Design for Magnetoelectric Device May Improve Your Memory
May 7, 2018 | AIP.orgEstimated reading time: 2 minutes
For years, manufacturers have offered computers with increasing amounts of memory packed into smaller devices. But semiconductor companies can’t reduce the size of memory components as quickly as they used to, and current designs are not energy-efficient. Conventional memory devices use transistors and rely on electric fields to store and read out information. An alternative approach being heavily investigated uses magnetic fields to store information. One promising version of magnetic device relies on the magnetoelectric effect which allows an electric field to switch the magnetic properties of the devices. Existing devices, however, tend to require large magnetic and electric fields that are difficult to produce and contain.
One potential solution for this problem is a new switching element made from chromia (Cr2O3), which, one day, may be used in computer memory and flash drives. “The device has better potential for scaling, so it could be made smaller, and would use less energy once it’s suitably refined,” said Randall Victora, a researcher at the University of Minnesota and an author on the paper. The researchers report their findings in Applied Physics Letters, from AIP Publishing.
Computer memory is composed of switching elements, tiny devices that can switch on and off to store bits of information as ones and zeros. Previous researchers discovered that chromia’s magnetoelectric properties means it can be “switched” with only an electric field, but switching requires the presence of a static magnetic field. Building on these elements, Victora and Rizvi Ahmed have created a design for a memory device with a heart of chromia that does not require any externally applied magnetic field to operate.
Their design surrounds the chromia with magnetic material. This provides an effective magnetic field through quantum mechanical coupling to Cr magnetic moments, while allowing devices to be arranged in a way that blocks stray magnetic fields from affecting nearby devices. An element to read out the state of the device, to determine if it’s in one or zero state, is placed on top of the device. This could potentially pack more memory into a smaller space because the interface between the chromia and the magnet is the key to the coupling that makes the device function. As the device shrinks, the greater surface area of the interface relative to its volume improves the operation. This property is an advantage over conventional semiconductors, where increases in surface area as size shrinks lead to greater charge leakage and heat loss.

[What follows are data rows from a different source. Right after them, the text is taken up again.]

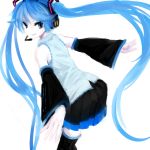  3d_(artist) blue_eyes blue_hair hatsune_miku long_hair skirt solo thighhighs twintails very_long_hair vocaloid 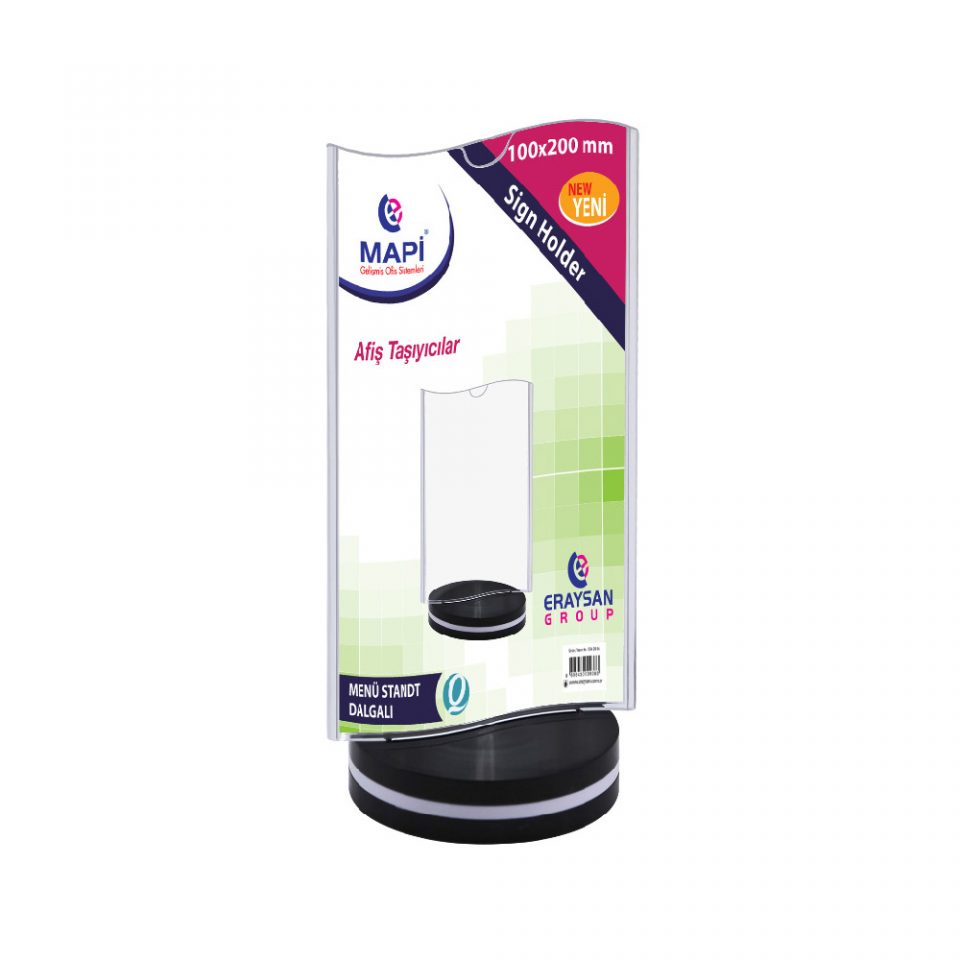 Mapi Menü Stand Dalgalı Dikey 100x200 mm Afiş Taşıyıcı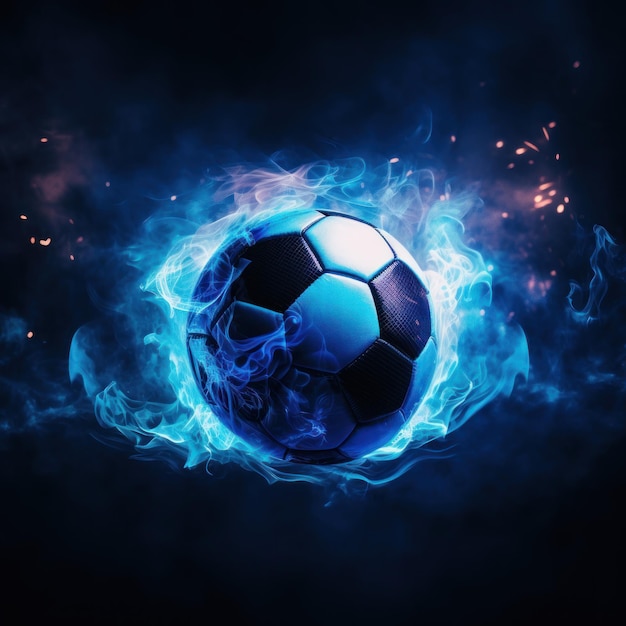 Free photo soccer ball ablaze with blue fire in dark smoke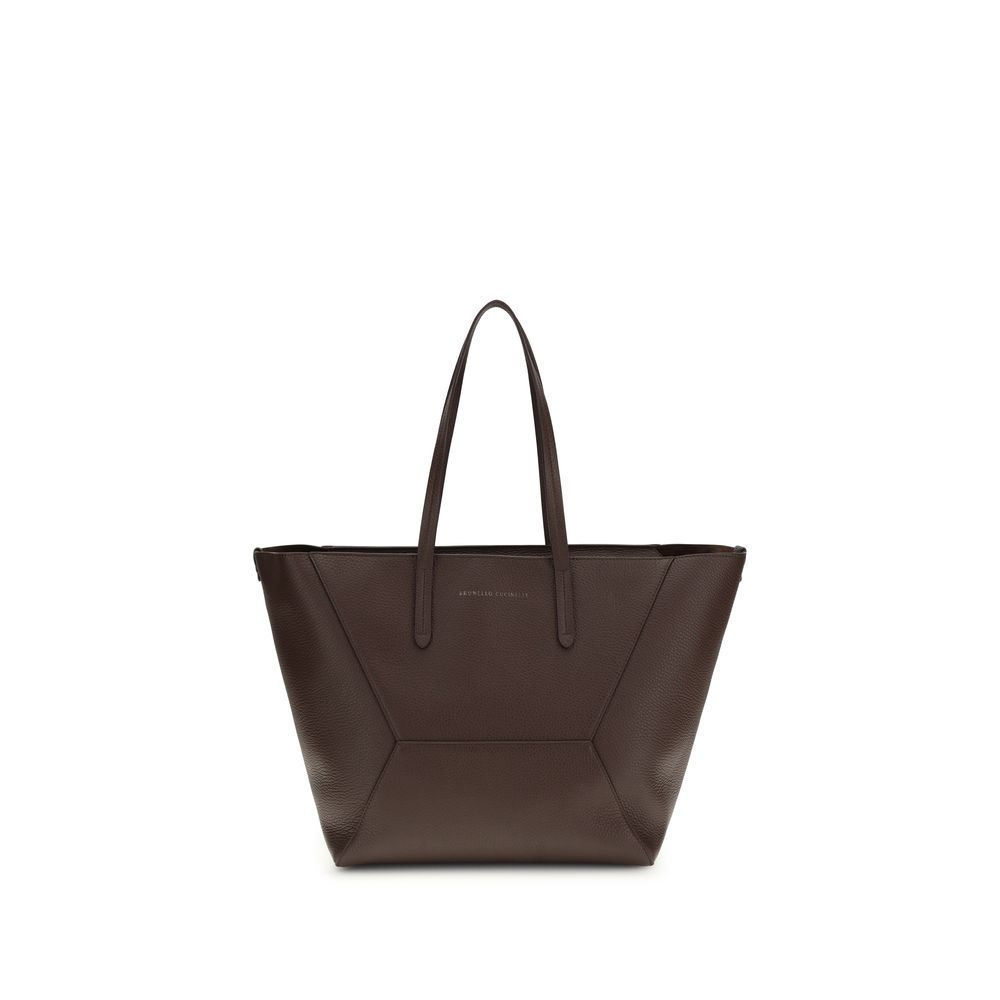 Brunello Cucinelli Brown Calf Leather Bos Taurus Shoulder Bag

Next, Victora and Ahmed aim to collaborate with colleagues who work with chromia to build and test the device. If successfully fabricated, then the new device could potentially replace dynamic random access memory in computers.
“DRAM is a huge market. It provides the fast memory inside the computer, but the problem is that it leaks a lot of charge, which makes it very energy-inefficient,” Victora said. DRAM is also volatile, so information disappears once the power source is interrupted, like when a computer crash erases an unsaved document. This device, as described in the paper, would be nonvolatile.
However, such a memory device will likely take years to perfect. One significant barrier is the device’s heat tolerance. Computers generate a lot of heat, and modeling predicts that the device would stop functioning around 30 degrees Celsius, the equivalent of a hot summer day. Optimizing the chromia, perhaps by doping it with other elements, may improve its functioning and make it more suitable to replace existing memory devices.